Regia di Ferzan Özpetek vedi scheda film
"Questi fantasmi" sono sbarcati nella Roma d'oggi, ma loro non ne hanno idea, la loro epoca e' ben piu' remota, e li vede impegnati ad andare in scena nella loro ultima rappresentazione, proprio in quell'attimo magico e terribile in cui l'attore deve vincere la tensione dell'imminente prova, l'ennesima interpretazione che pero' nasconde ogni volta le sue incognite, i suoi rischi, e per questo crea anche nell'interprete piu' scafato tensione come e piu' della "prima". Ma quel giorno qualcosa ando' storto, qualcuno irruppe prepotentemente nei camerini...il gruppo si vide costretto a fuggire...qualcuno li tradì...era il 1943 e i nazisti stavano rastrellando il teatro alla ricerca di sospetti cospiratori.
Questa anticipazione e' a mio giudizio doverosa, altrimenti l'inizio dell'ultimo buon film di Ferzan Ozpetek puo', se raccontato per come inizia realmente, essere superficialmente frainteso e scambiato erroneamente per il film horror che assolutamente non e': tutto inizia in una vecchia affascinante casa d'epoca, semi abbandonata e da sistemare, dalla quale tutti gli inquilini scappano senza un comprensibile motivo; finche' arriva il giovane pasticciere (specializzato in brioches....) che sogna il cinema e ne rimane affascinato. Almeno fino a quando scopre che il vecchio alloggio e' infestato delle anime di una "famiglia" di fantasmi, uniti in vita da una compagnia teatrale piuttosto famosa, che li impegnava in una tourné di successo.
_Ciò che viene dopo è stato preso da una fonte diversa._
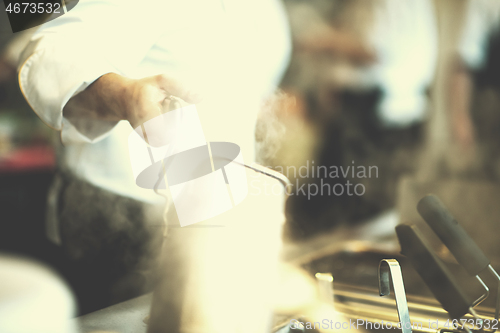 Image of chef preparing food, frying in deep fryer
In mezzo problemi sentimentali, solitudini, insicurezze, colori e personaggi di contorno buffi, disinvolti e sopra le righe, tipici di uno stile "alla ozpetek" che abbiamo imparato da anni ad ammirare come una caratteristica autoriale che finisce per contrassegnare (e talvolta - ma non mi sembra questo il caso - rischia di limitare) i registi piu' carismatici, di un loro tocco inconfondibile e distintivo.
Riconosco in questo film delicato, simpatico, talvolta un po' effettato e vagamente macchiettistico nell'affollato via vai di personaggi minori, ma piacevole e profondo nei contenuti basici, le caratteristiche del miglior Ozpetek, quello delle "Fate" e de "La finestra" per intenderci: di quel cineasta che affronta le vicissitudini sentimentali di noi persone comuni, con le nostre speranze, le nostre delusioni ed insicurezze, proiettando tutto cio' su basi storiche e e radici profonde che si collegano, per bizzarri casi del destino, con situazioni ed episodi di altre epoche, ben piu' drammatiche e travagliate delle pur poco allegre nostre contemporaneita'.
Bravi attori italiani (e non) fanno da necessario, imprescindibile corollario ad un Elio Germano meno nervoso ed isterico del solito, piu' fragile e proteso allo stupore, incapace di gestire un rapporto a due, figuriamoci a diventare confidente e complice di un gruppo di fantasmi demodé e fuori tempo massimo.
Un po' di mistero comunque c'e', nonostante il bravo regista faccia di tutto per stemperare i toni nella commedia che tanto gli e' nelle corde. E la chiave della vicenda sta, come spesso purtroppo accade, nel sentimento primario ed istintivo dell'invidia e della gelosia, che finisce per renderci dei mostri spietati in nome di una fama, una gloria che ci si illude possa essere la soluzione definitiva, quando invece la vita scorre veloce e ci riduce come maschere, volti segnati dal tempo inclemente, come quello (piacevole sorpresa) di una ritrovata grande Anna Proclemer.
In tutta questa concitata vicenda Ozpetek non rinuncia ai suoi vezzi, che non sfociano tuttavia mai nel manierismo, e conduce la vicenda con una sicurezza e un taglio registico da cineasta maturo e completo, a cui si affida con devota obbedienza un ispirato cast di ottimi interpreti.